Secrétaire le jour, Chikako travaille le soir dans un cabaret afin de financer les études de son frère Ryoichi. Lorsque ce dernier apprend son activité, il ne le supporte pas. Adapté d’un roman allemand de Ernst Schwartz. Ozu montre, dans un cinéma où se rend un couple, quelques plans du générique et de l’acteur Charles Laughton dans le film collectif Si j’avais un million (USA 1932) : acculturation ou appropriation culturelle ? Ni l’un ni l’autre : juste constat documentaire sur l’exploitation cinématographique à Tokyo en 1933. Et une discrète complicité aussi, concernant la critique de l’administration, de ses bureaux, de ses portes qui s’ouvrent et se ferment sans cesse, broyant les êtres humains qui les franchissent. Un curieux mélange de tons sous-tend l’ensemble, oscillant constamment entre comédie et drame mais s’achevant finalement en mélodrame, avec suicide à la clé. État argentique inégal mais assez bon globalement.

  • Voyage dans le cinéma « Été précoce » (15 min – SD – VOST)

Je recommande principalement ce « voyage dans le cinéma » présenté par une sympathique jeune fille cinéphile aux cheveux courts qui prie au début sur la tombe de Ozu ; on y voit les extérieurs de Kamakura dans la préfecture de Kanagawa (et la fondation Kawakita qui s’y trouve, bien connue des cinéphiles français car elle avait participé à la rétrospective japonaise de 1985 à la Cinémathèque française). Tentative aussi d’expliquer le concept de la  métempsychose selon Ozu. On peut y voir enfin sa tombe et son fameux idéogramme inscrit sur la stèle. Plaisant et informatif.

  • Figures : Linges, fumées et poteaux électriques : d’hier à aujourd’hui, un parallèle sur les linges, cheminées et poteaux électriques, éléments récurrents dans la filmographie d’Ozu (7min 24s – SD – VOST)

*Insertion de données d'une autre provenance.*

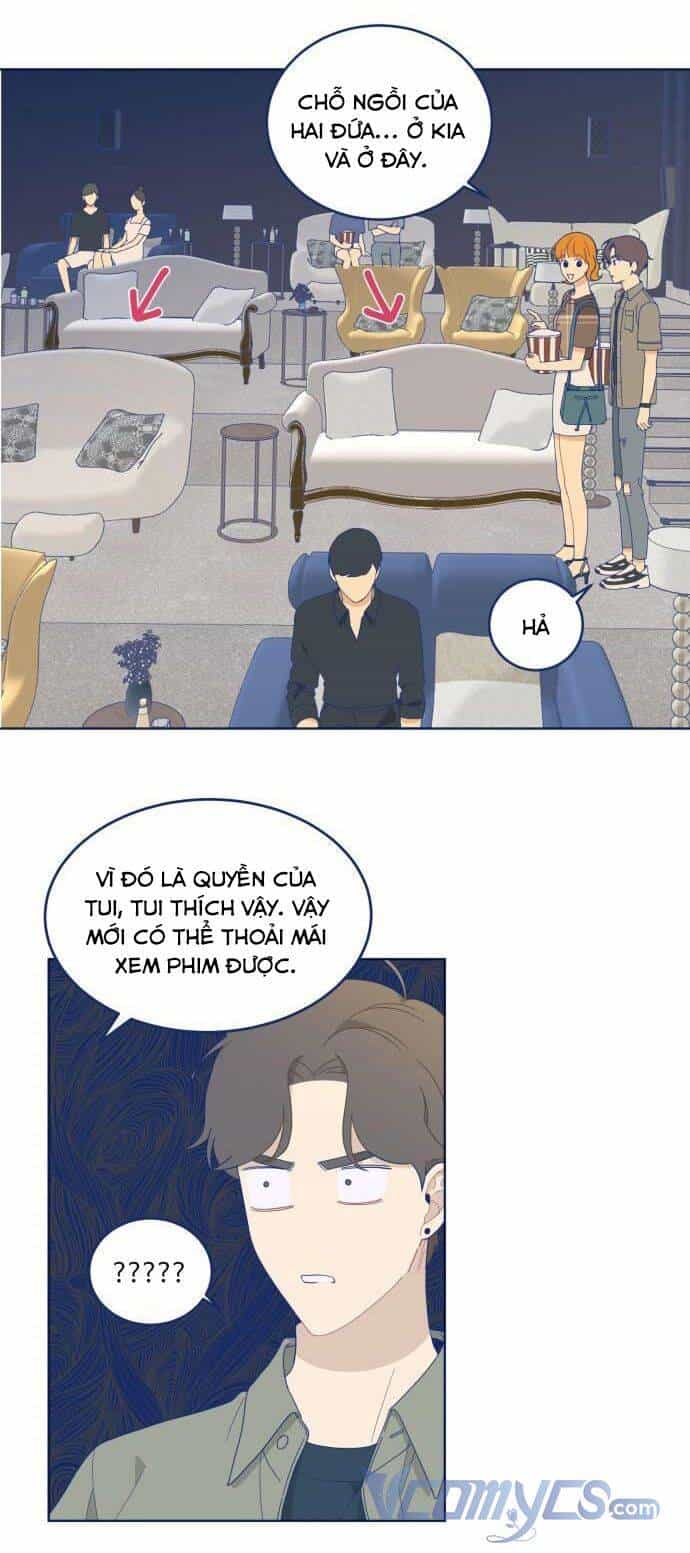 Không Có Người Đàn Ông Nào Dành Cho Tôi - Chương 7 - ảnh 11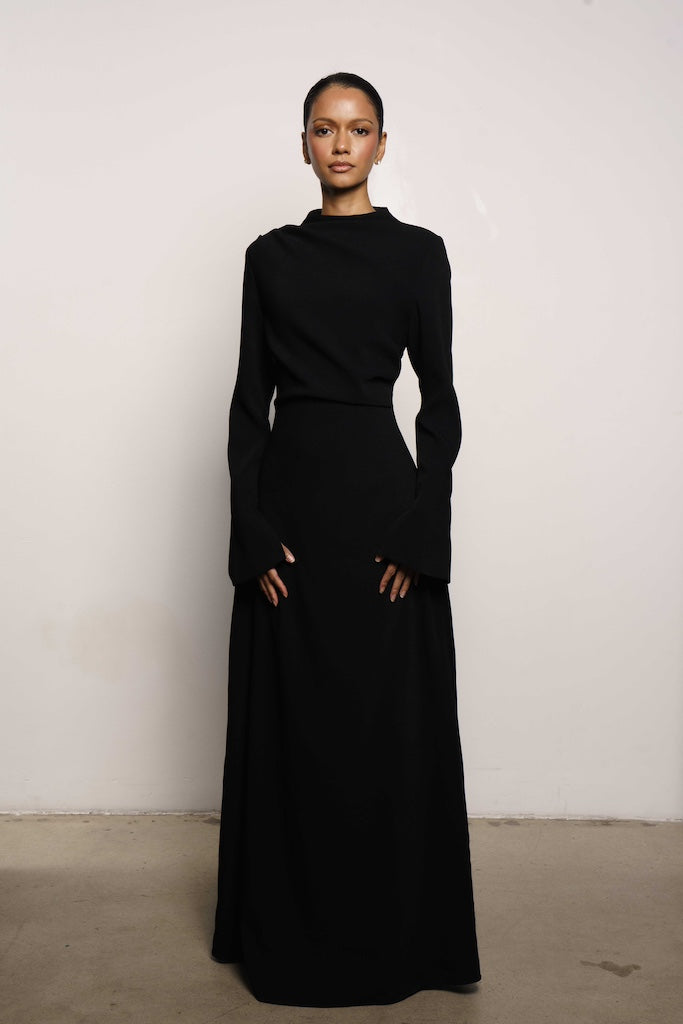 ALEINA GOWN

Il s’agit de montages de plans de linges, de fumées et de poteaux électriques prélevés dans divers titres de sa filmographie et remontés bout à bout : supplément absurde car redondant et inutile. Le cinéma étant autant un art du temps qu’un art de l’espace, un plan isolé de sa continuité n’a plus aucun sens filmique. Ici on traite les plans comme des photos d’exploitation mais les attendus esthétiques de ces deux objets sont différents : un plan de film n’est pas une photo d’exploitation ni vice-versa.